IFS: UTF-8 support is incomplete
Test script:
set -o noglob
# test 1
IFS='£'
set -- : :
v="${#},$*"
echo "$v"
# test 2
IFS='£' # £ = C2 A3
v='abc§def ghi§jkl' # § = C2 A7 (same initial byte)
set -- $v
v="${#},${1-},${2-},${3-}"
echo "$v"
Expected output (UTF-8 locale):
2,:£:
1,abc§def ghi§jkl,,
Output on ~~ksh Version AJM 93u+ 2012-08-01~~ current development version:
2,:£:
1,abc?def ghi?jkl,,
In the second test, the § characters get mangled.

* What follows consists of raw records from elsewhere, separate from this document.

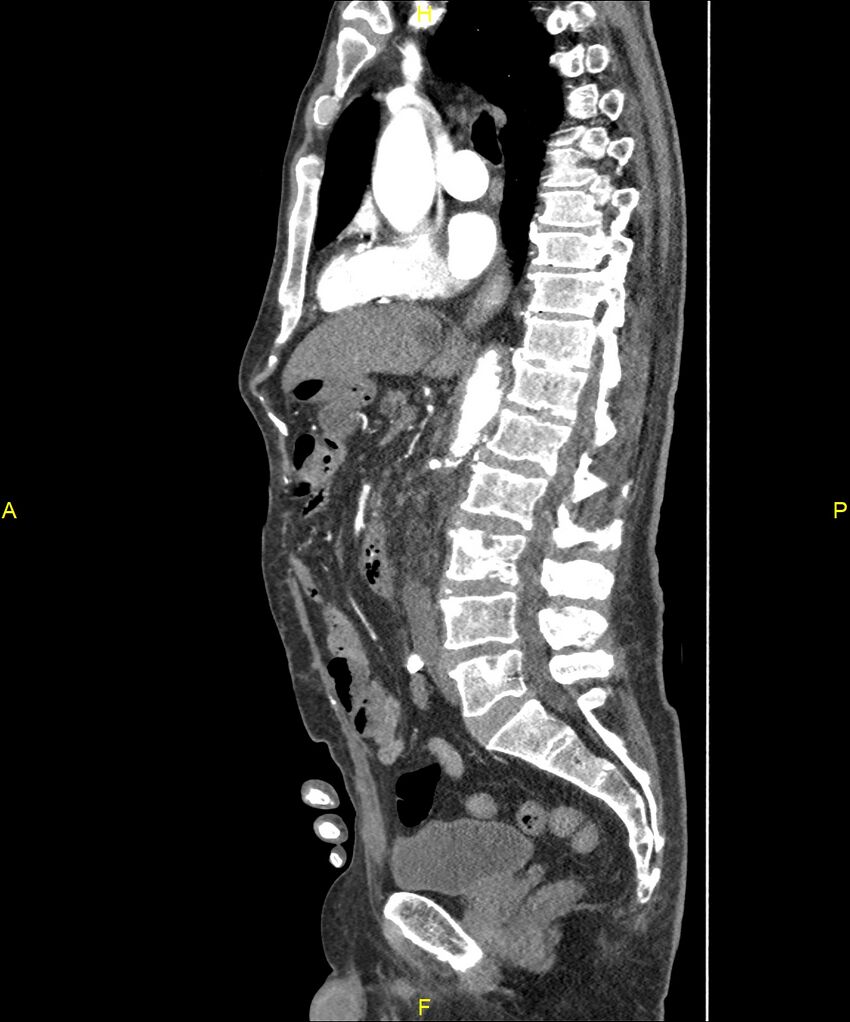 Aortoenteric fistula (Radiopaedia 84308-99603 C 170).jpg
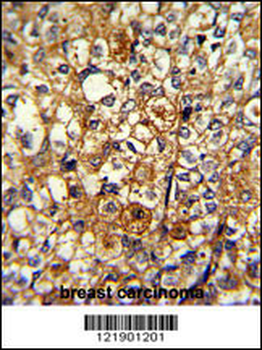 ACTN1 Antibody (N-term)
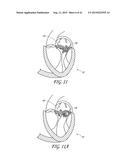 PERCUTANEOUS TRANSVALVULAR INTRAANNULAR BAND FOR MITRAL VALVE REPAIR diagram and image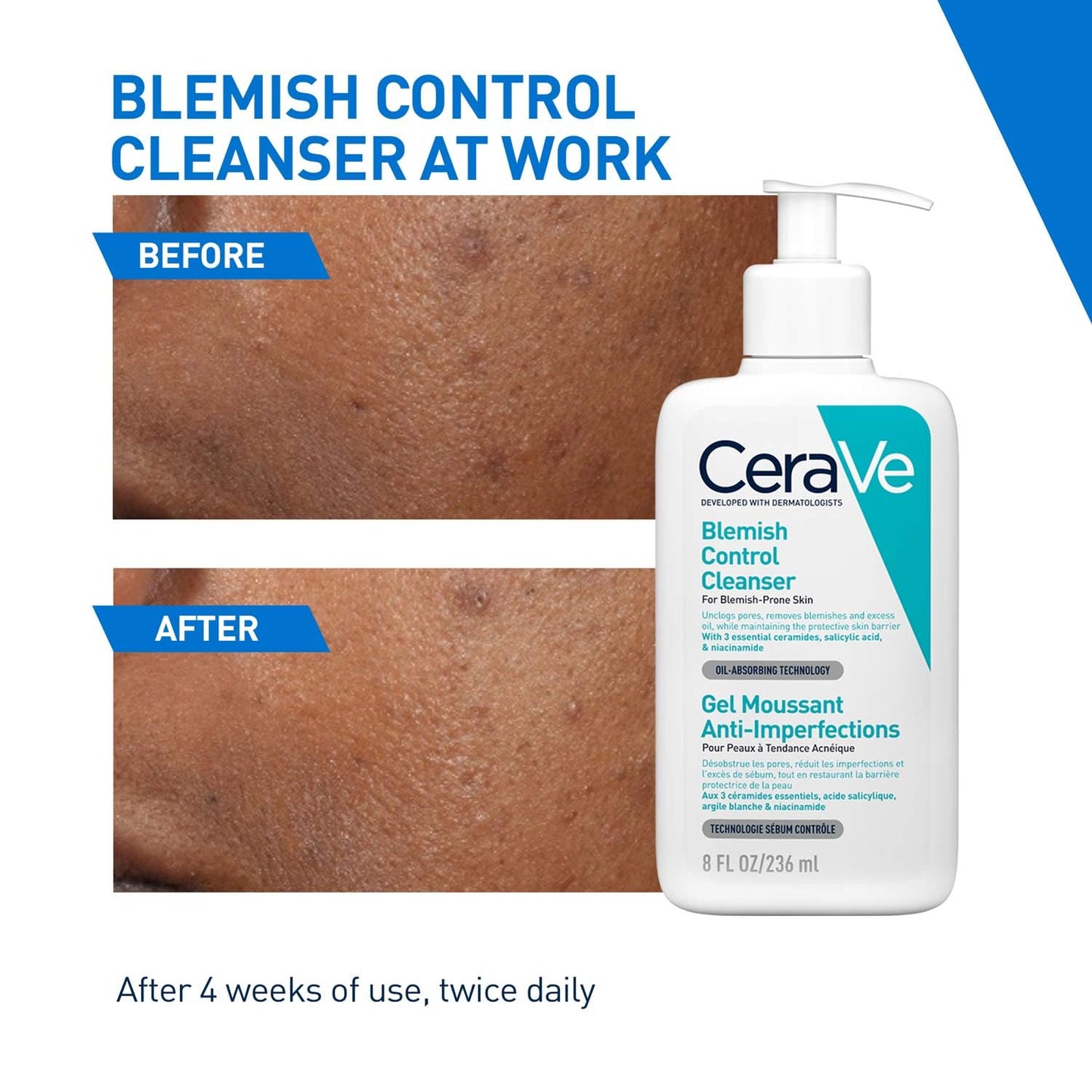CeraVe Acne Control Cleanser 2% Salicylic Acid Niacinamide 236ml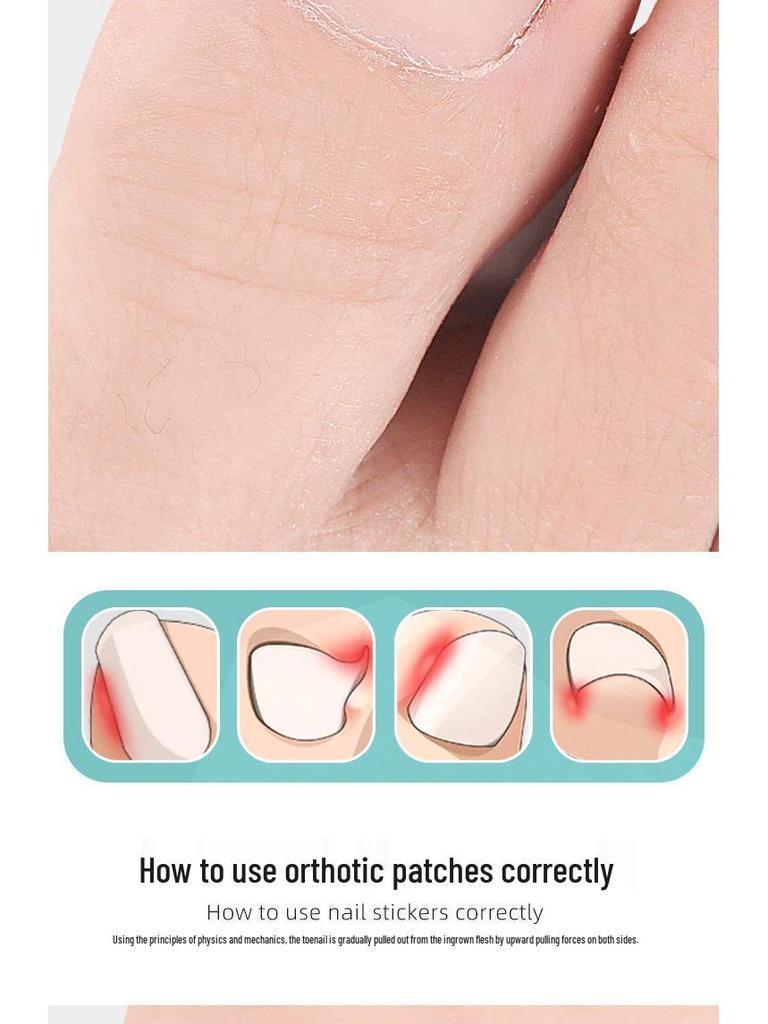 Nickel-Titanium Ingrown Toenail Corrector: Invisible, Wearable Nail Hook for Pain Relief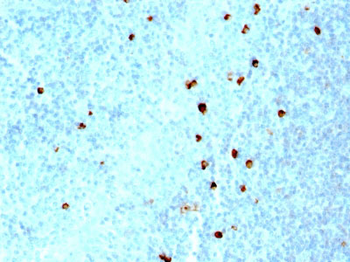 IgM (Immunoglobulin Mu Heavy Chain) (B-Cell Marker) Antibody - With BSA and Azide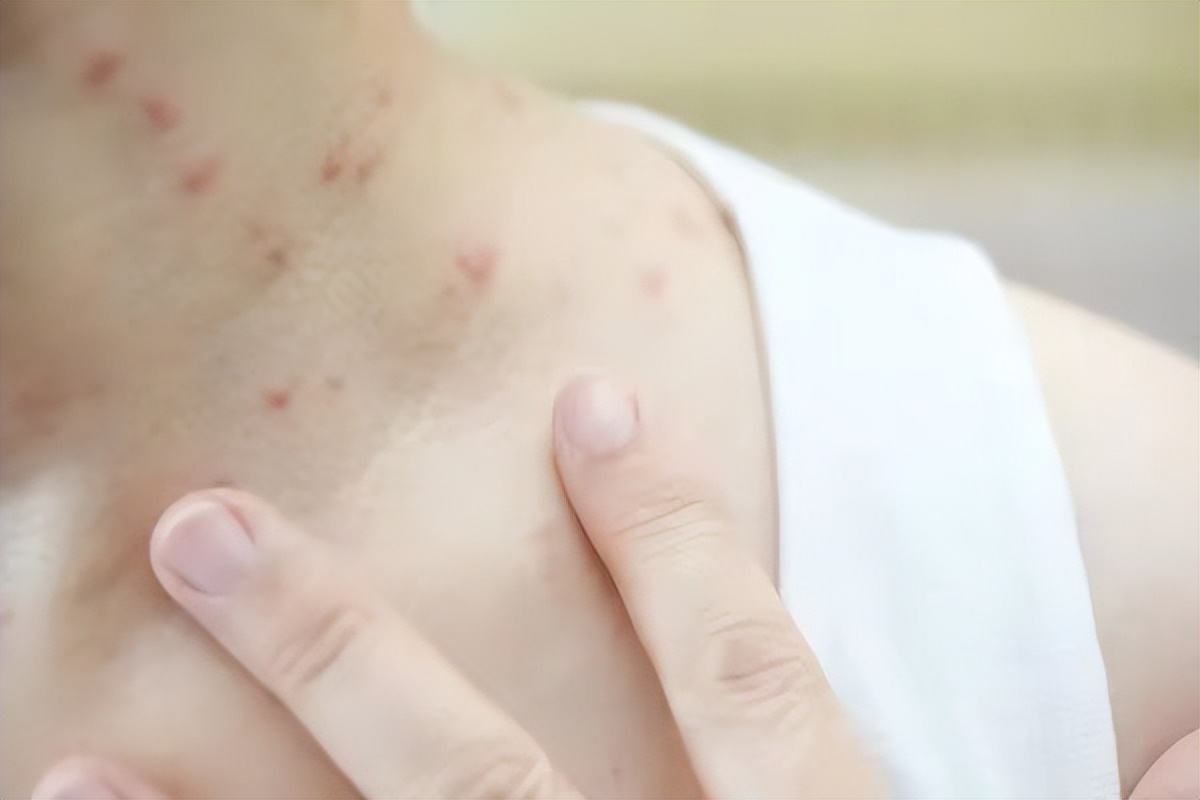 宝宝过敏起荨麻疹要不要挂急诊,宝宝得了荨麻疹需要忌口吗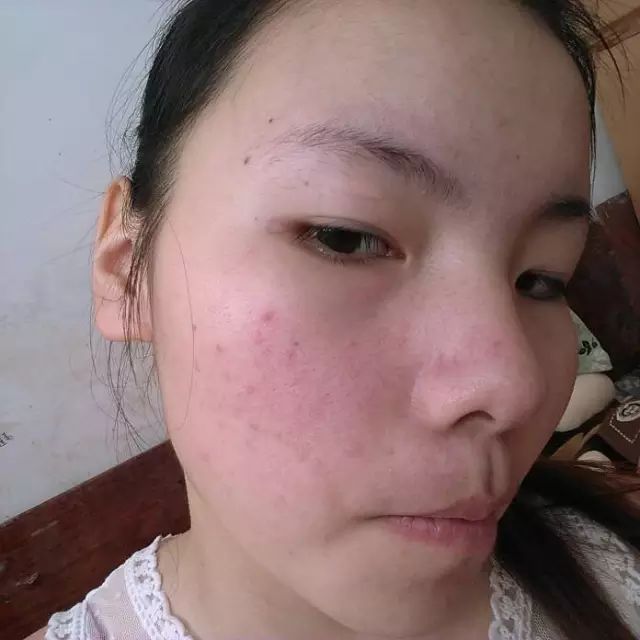 初中生脸上长痘痘怎么办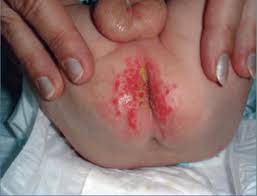 Image result for dermatitis contacta toxica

For reference, output on the latest release Version AJM 93u+ 2012-08-01:
2,:?:
1,abc?def ghi?jkl,,
@McDutchie This is definitely broken. I'm pretty sure I had commented earlier that IFS only works for single byte locales but I can't find it now. However, I'm seeing slightly different behavior than you documented. I suspect you made a copy/paste mistake and meant to say the first output you showed was from the current source; i.e., 2017.0.0-devel-....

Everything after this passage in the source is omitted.